The new track in BioDalliance (BD) consists of two parts: a genetic map, and a genotype file. The genetic map contains a set of names of genetic markers along with their corresponding chromosomes and positions, while the genotype file contains a set of individuals, where each individual has a measured allele at each marker.
The R/QTL2 format combines these files using a so-called control file, which is a YAML or JSON-formatted file containing the filenames of the different types of data in the data set, as well as things such as which alleles are present, and some other data. Right now the track in BD is configured by a JSON-object in the code, rather than reading the control data from a file.
The first part was easy, as soon as I’d picked a library to do the parsing: I chose Papa Parse, which looked like it was fast and easy to use. There weren’t many other candidates, Node CSV looked good as well, but Papa has the advantage of being designed with the browser in mind, rather than Node.js.
The second module, CsvSource, communicates with both the BioDalliance browser as well as with the Csv module. It is given a set of URIs when created - defined by the control object given to the browser - and uses the Csv module to read CSV files from these URIs. Specifically, it reads the marker locations as stored in the “gmap” file, and the individual genotypes from the “geno” file.
As the genotype file is parsed, the CsvSource module creates features to be shown in the browser. The features have various properties, the most important being “min” and “max”, which are the coordinates of the left and right sides of the feature, in units of basepairs. I set “min” to be equal to the marker’s location according to the “gmap” file, and “max” to be a few basepairs to the left of the next feature’s start.
The CsvSource provides one more thing to the browser - a DAS stylesheet. This stylesheet is what the browser uses to construct its visual representations of the features it is given.

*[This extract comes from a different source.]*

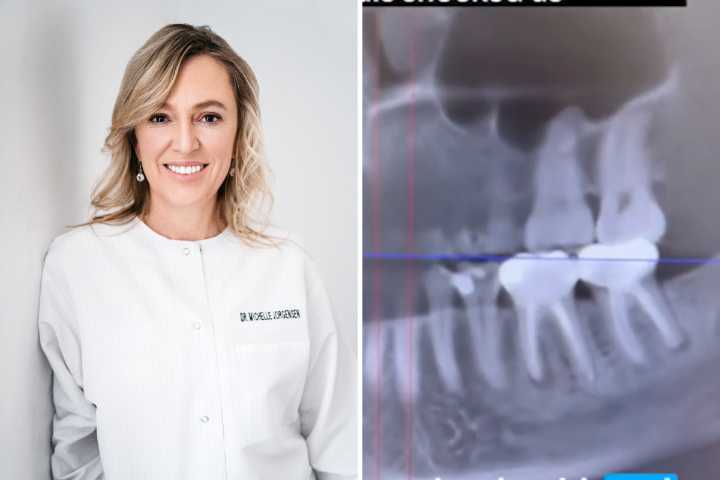 Dentist Checks Cancer Patient’s Mouth, Shock Over What’s Seen in Root Canal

At the moment, this is hardcoded, with the different alleles being represented by boxes of different colors.
The codebase is well-written, but quite complex, and lacking in documentation, with only a few comments, making it difficult to understand how the data flows through the system. It has taken a fair bit of digging and thinking for me to start to understand how it works.
Each day of coding starts with an IRC meeting, where we (me, my mentors, some other students, and other people working on related projects) hold a sort of light version of a Scrum standup, which has been very good, as it forces you to both know, concretely, what you is going to work at during the day, as well as letting you see what the others have been up to, which is also interesting. Another thing that’s been encouraged is the writing of tests, and it’s been good to spend some effort doing that.